Shortly after my father’s death, we are being disturbed in our possession and ownership of our property. The grandchildren of the previous owner from whom my parents bought the property recently appeared and have asked us to vacate our home, claiming that they are in possession of a Transfer Certificate of Title to the same property, which was part of the property they inherited from their deceased grandparents.
They claimed that since we never registered the sale with the Register of Deeds and there was no annotation on the Title to the property that was subject to the extra-judicial settlement among the heirs, they were able to have it transferred to their names.
The Title to the property is evidence of their ownership, and we should turn over the property to them. Do we still have any right to our home, considering that we were not able to register the sale between the original owner and our parents?
Carlos
Dear Carlos,
It is clear that your parents cannot be denied any right over the property they acquired by valid sale, despite the fact that they were not able to have such sale registered and/or annotated to the title and their failure to have the same transferred to their names.

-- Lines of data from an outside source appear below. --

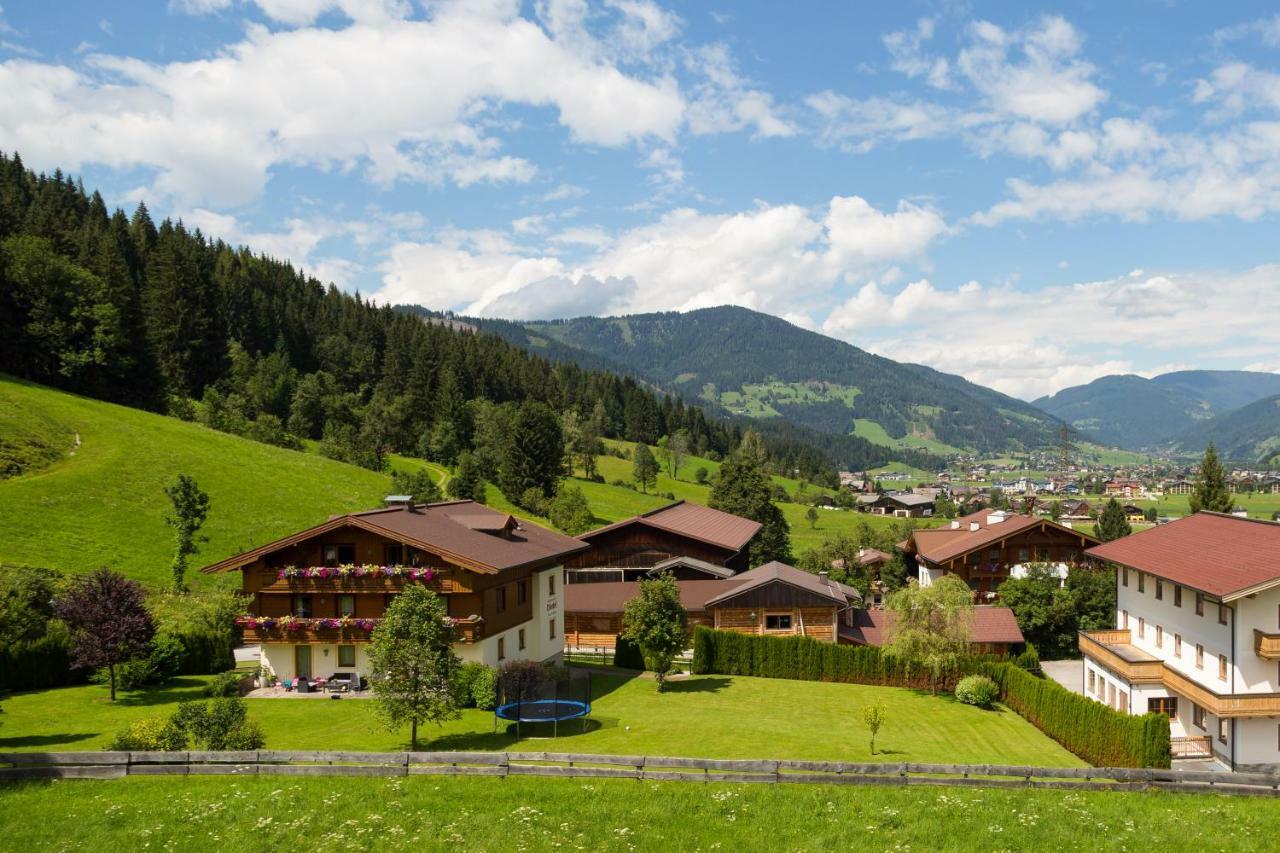 Appartements Oberhof Flachau Eksteriør billede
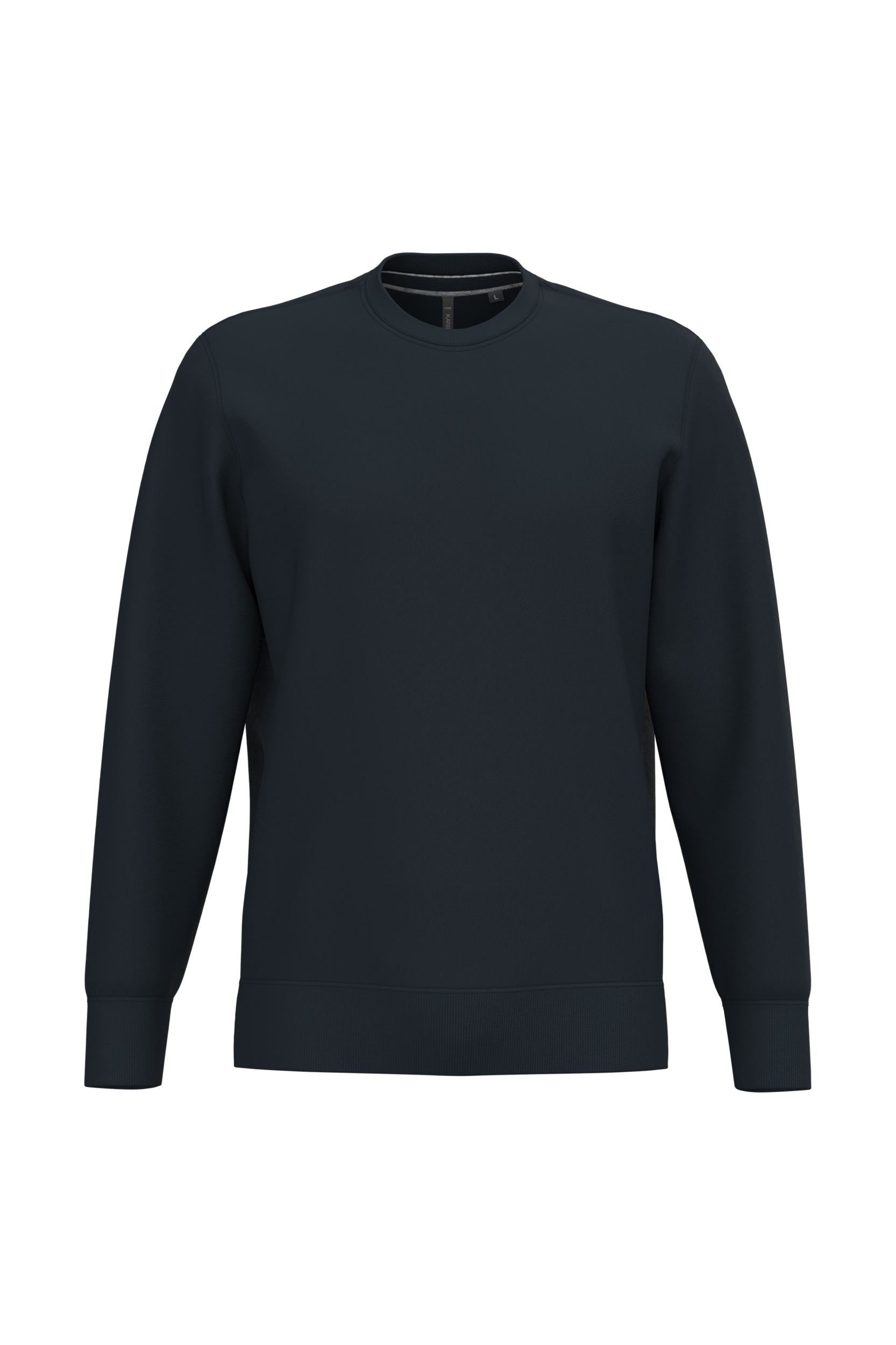 Kariban Sweater ronde hals — Navy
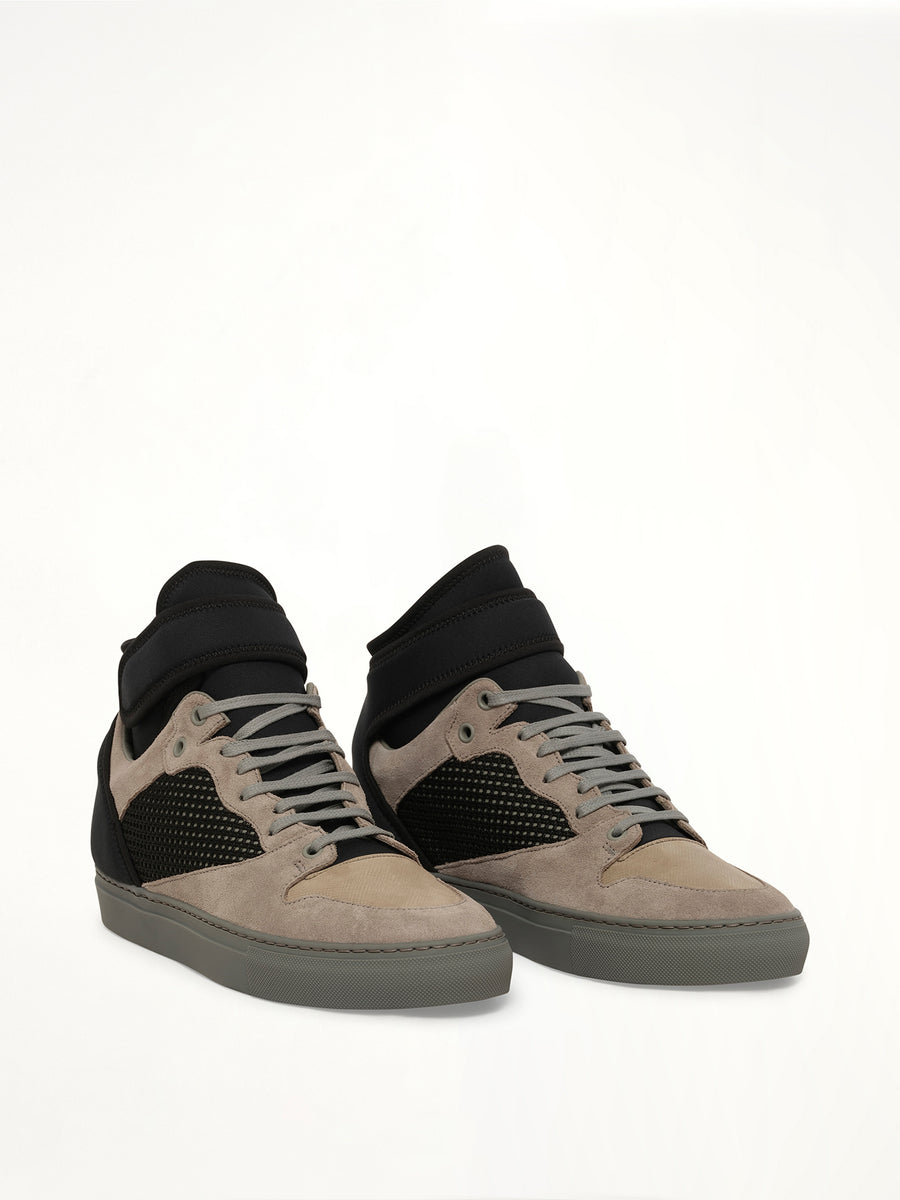Balenciaga M Leather Sneakers  in 1260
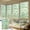 Green_L, variant on Leaf Stained Glass Window Film, Decorative Privacy Cling, Sun Blocking Heat Control Cover, Removable Home Office Vinyl, 11.8x39.4 Inches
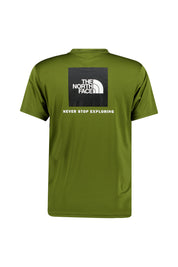 Funktionsshirt mit Logoprint - PIB-Forest Olive - Grün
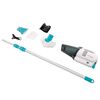 INTEX Aspirateur de Piscine et de Spa Blanc et bleu clair PVC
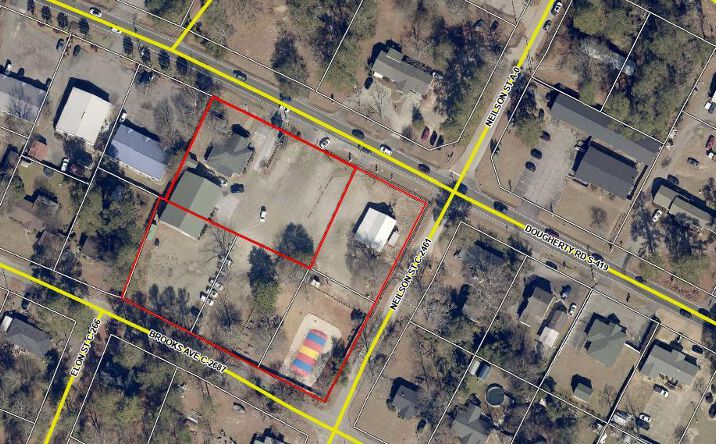 Pictures of Retail, Hospitality, Multifamily, Office, Special Purpose, Land, Industrial property located at 949-951 Dougherty Street, Aiken, SC 29803 for sales - image #1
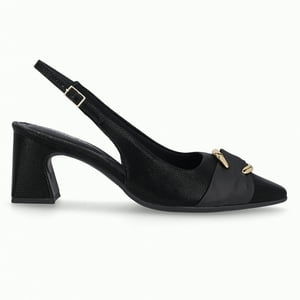 Zapato Mujer Dorado/Negro Irene Piccadilly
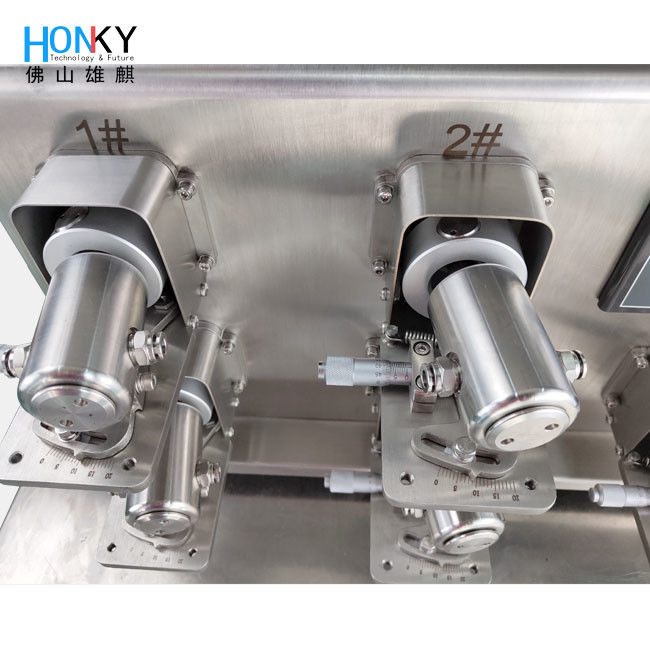 Manuel de réglage de la pompe de remplissage en céramique de 10 ml en acier inoxydable 316L et en céramique pour la distribution de liquide à la batterie au lithium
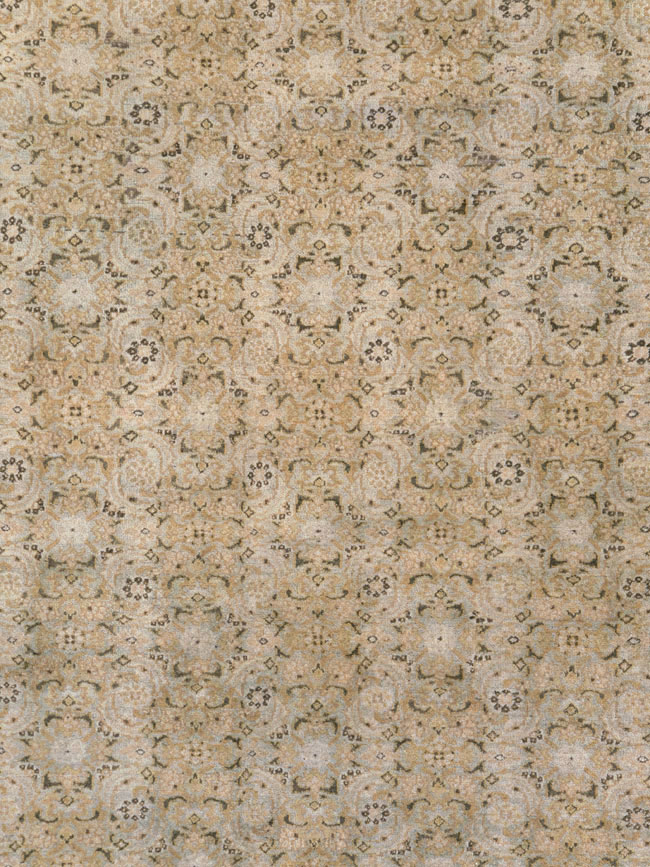 Antique Persian Dorokhsh Carpet, No.18851 - Gsblank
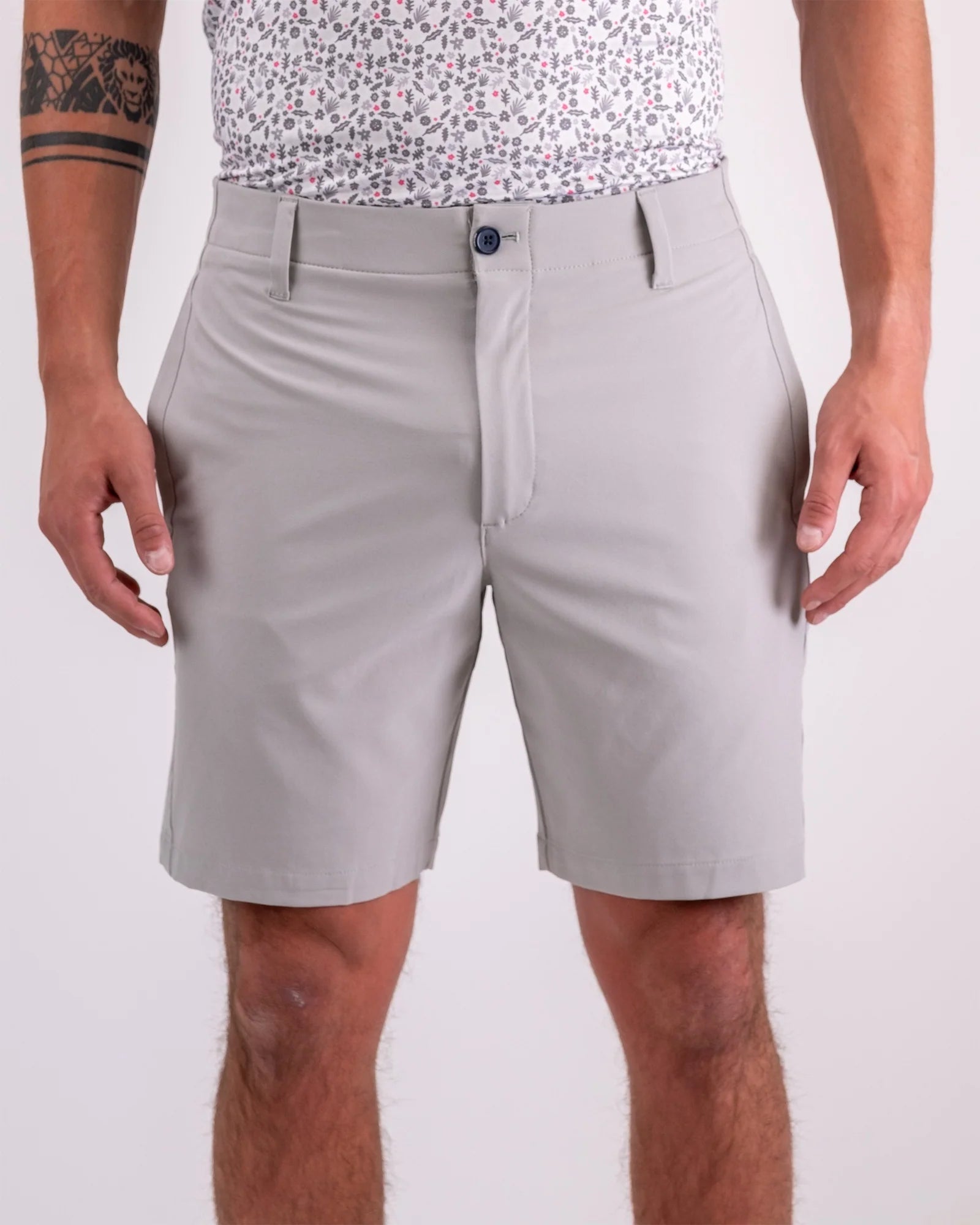 Performance Shorts Stone image 0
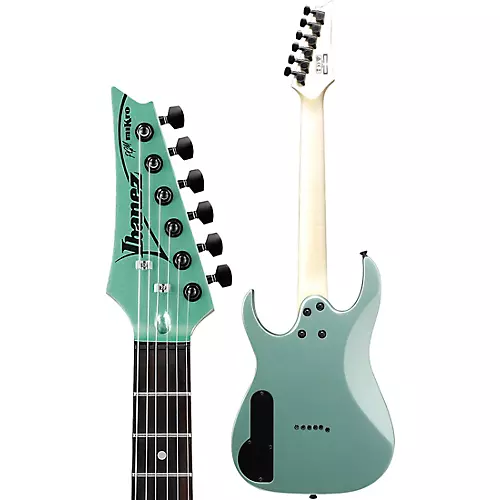 Ibanez PGMM21 Paul Gilbert Signature miKro Electric Guitar Metallic Light Green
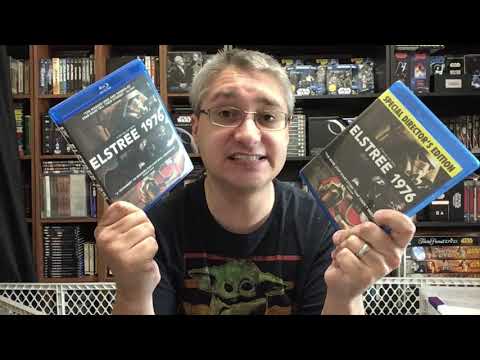 From the Star Wars Home Video Library #138.1: Elstree 1976 (2021 Blu-ray)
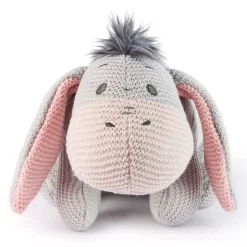 Clearance Spinmaster Peluche Bourriquet tricotée Disney GUND, Winnie l'Ourson, 38 cm Peluches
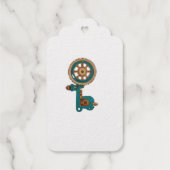  Wind-Up Key Gift Labels (Achterkant)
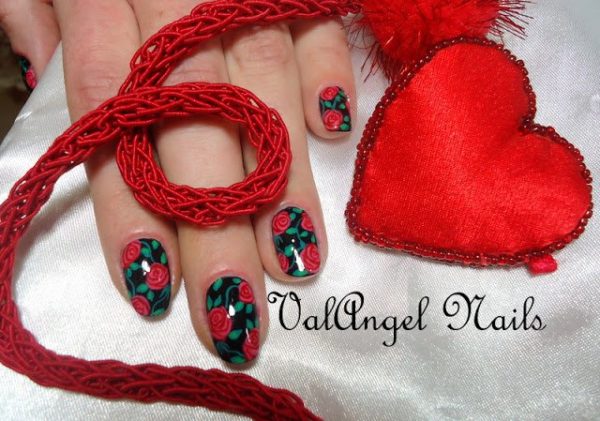 20 Pretty Nail Designs For Valentines Day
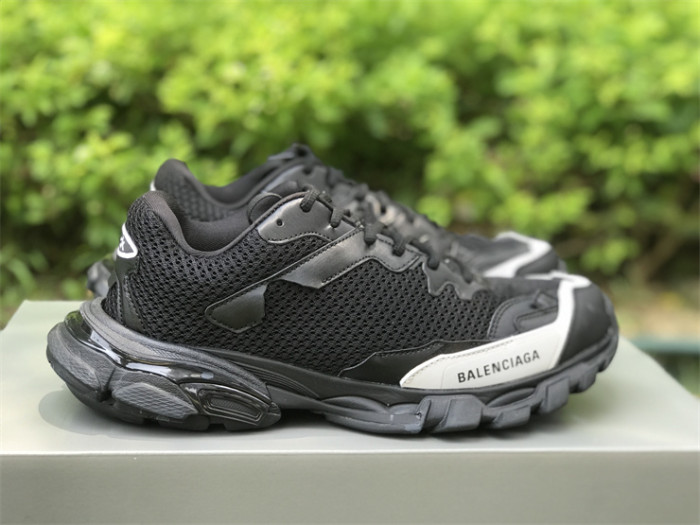 Balenciaga low-top black and silver（7-12 work day deliver）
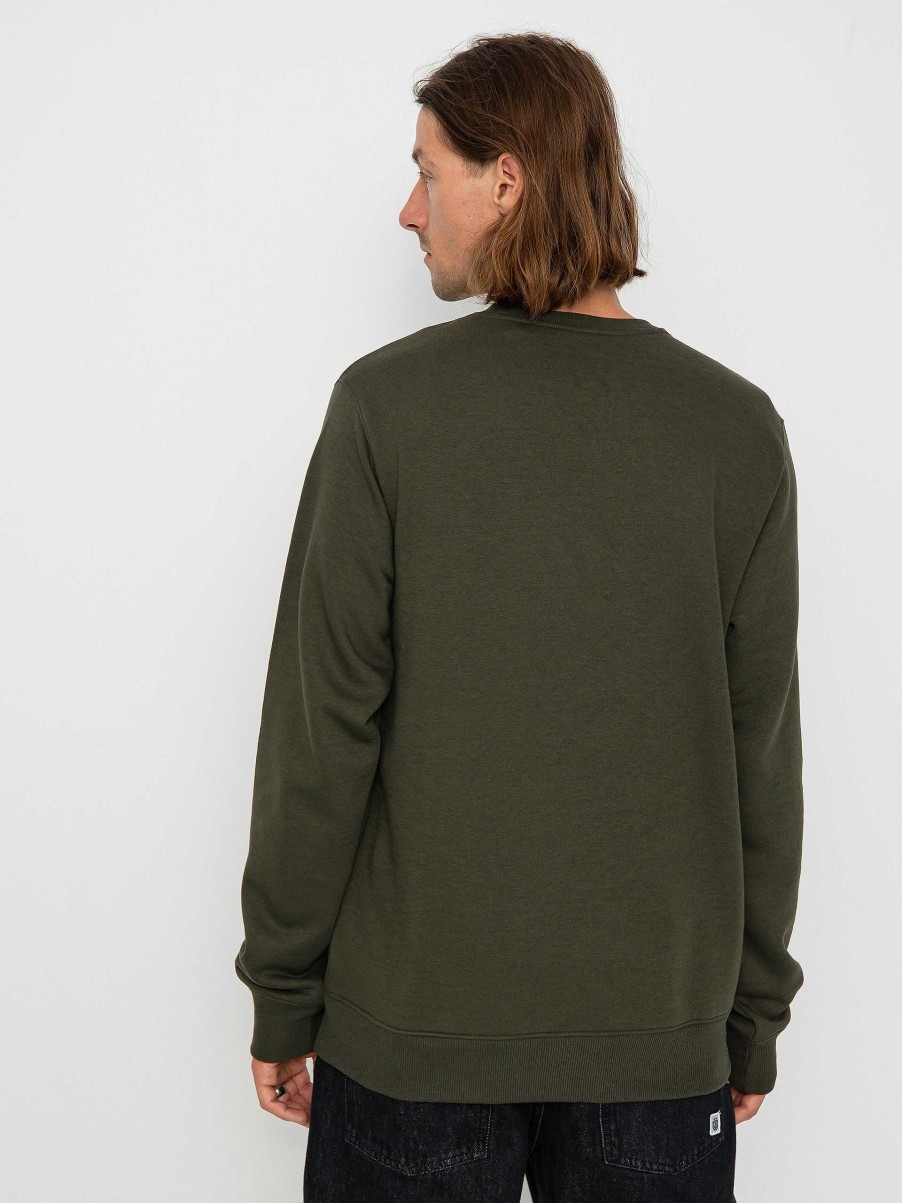 Clothing Element Sweatshirts/Hoodies | Element Cornell Classic Sweatshirt Green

You and your mother may institute a case to nullify the extra-judicial settlement and for the subject property to be segregated from the partition made by the original owner’s heirs. You may raise as an issue your right as buyers in good faith, to determine if the property in question could still be part of the estate of the original owners that could be passed down to the heirs by succession.
The question of ownership of the property will be determined by the validity and due execution of the deed of sale between the seller and buyer (your parents and the original owner), as against the ownership claimed by the heirs by succession. The fact that the grandchildren were able to transfer the title of the property to their names, will not deprive you of your rights over the property, as registration is not a mode of acquiring ownership.
They cannot become the owners of the subject property by virtue of succession if, in the first place, the original owner sold it during his lifetime.